Video Suggestion: Home Lab Server Hardware Upgrade Problems and Solutions

I would like to see a segment on the pitfalls of old hardware and how to avoid painful experiences.

As a home lab I have some HP DL380 Gen6, Gen7 and Gen8 servers that I picked up cheap through auction houses and eBay. The plan had been to upgrade everything to Gen7 to standardize the hardware. I had an eBay seller screw up a Gen7 purchase and a Gen8 was supplied.

My preference is a couple of mirrored SSD drives for operating systems. Everything else can be whatever makes sense with the weird combination of SAS hard drives supplied with the systems. Installing some SSD drives has thrown up weird problems. In the Gen7 server the disk controller reports one SSD drive is overheating. Needless to say it was not hot. Google finds multiple discussions containing recommendations to buy HP branded drives to preserve warranty and support. This is not a valid reason in my situation.
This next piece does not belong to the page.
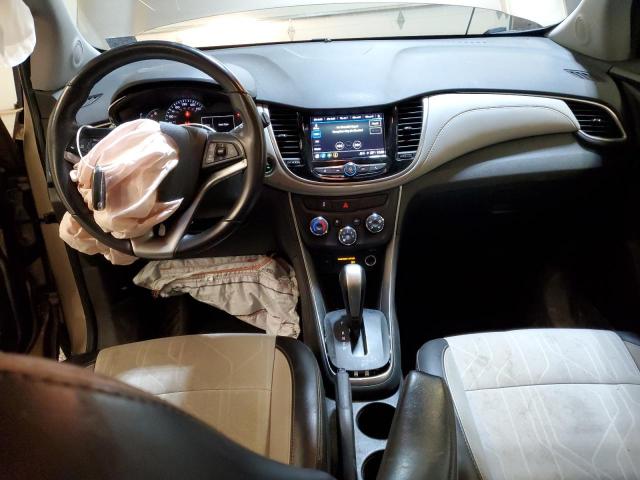 2018 CHEVROLET TRAX 1LT 3GNCJPSB1JL229008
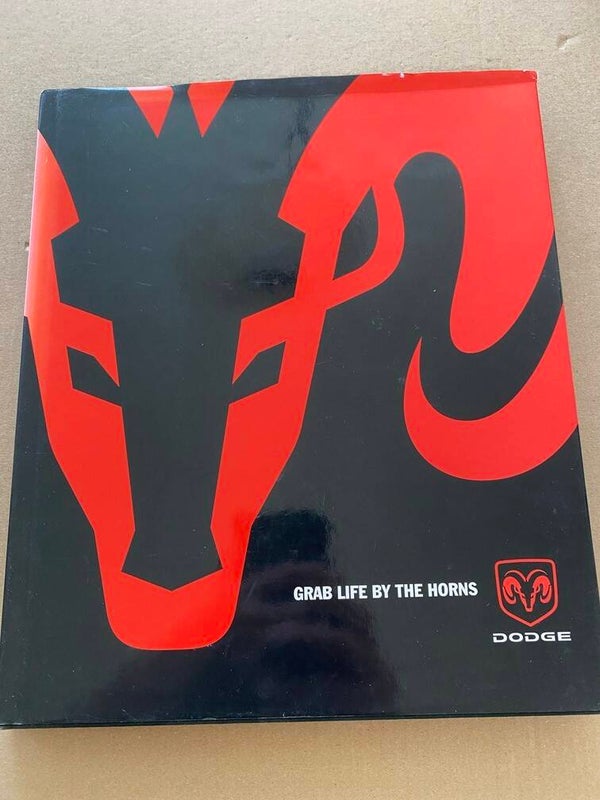 Dodge - Een iconisch automerk - Types - Historie - Reclame - Logos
I would like to upgrade ILO but the HP utility appears to be locked away behind a pay wall.

Windows 11 requirements list TPM 2.0 but my PC motherboards don’t have that option.
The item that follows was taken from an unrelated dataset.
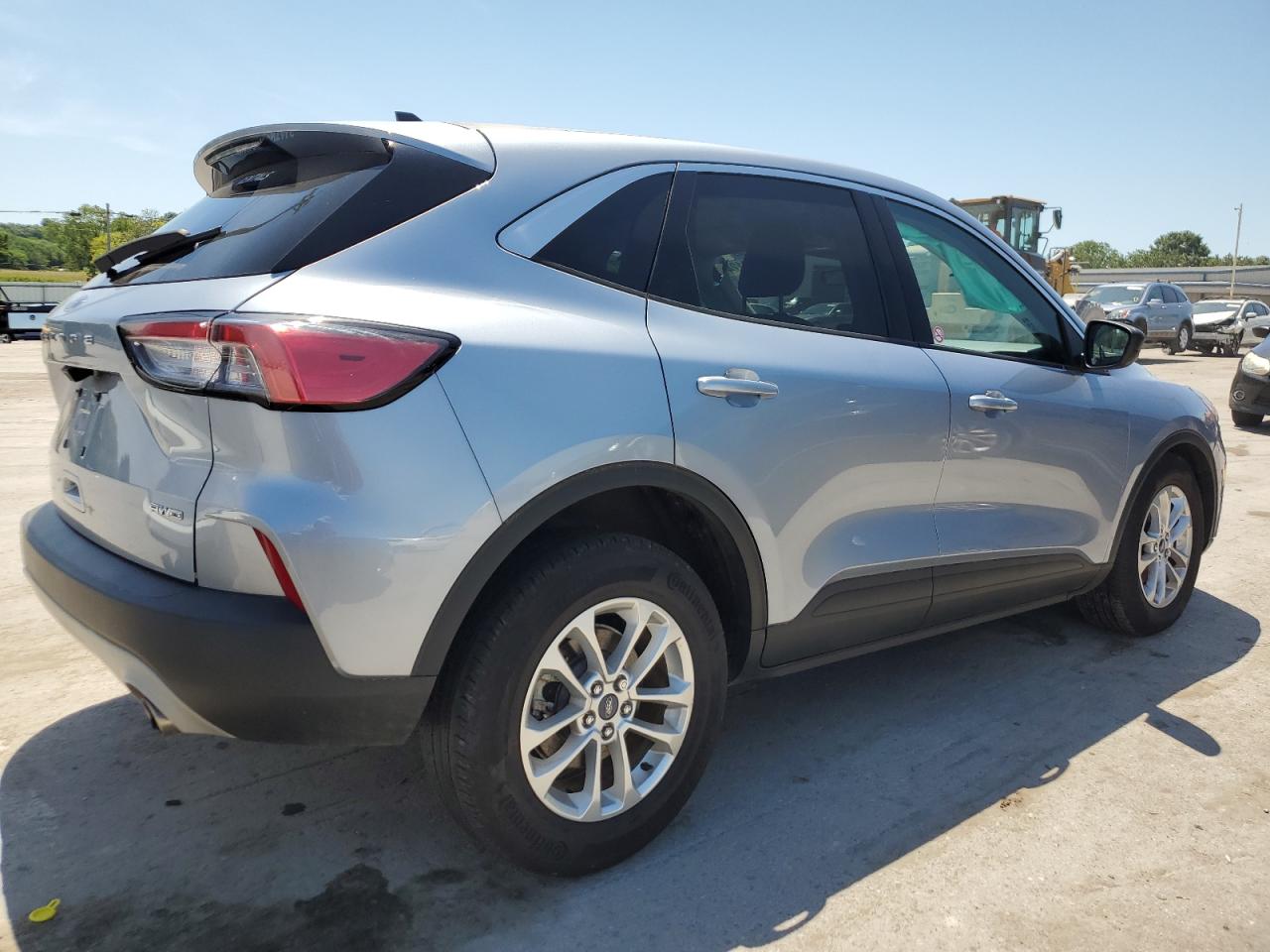 2022 FORD ESCAPE SE VIN:1FMCU9G62NUA30242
I’m not suggesting a narrowly focused program on HP but a session on upgrade problems experienced and their solutions.

Seems to be a gotcha with Dell servers and vmware editions that can be run, I’ve run the latest ESXi on an Lenovo desktop with no issues. Windows 11 is obviously aimed at latest kit.

We always buy the servers with the parts we need to avoid all the hardware compatibility and possible licence issues that come with upgrading existing systems. There are SO MANY things you can run into with each brand. We mostly use Dell servers both new and used from places such as Tech Supply Direct so it’s also not something that I deal with very often.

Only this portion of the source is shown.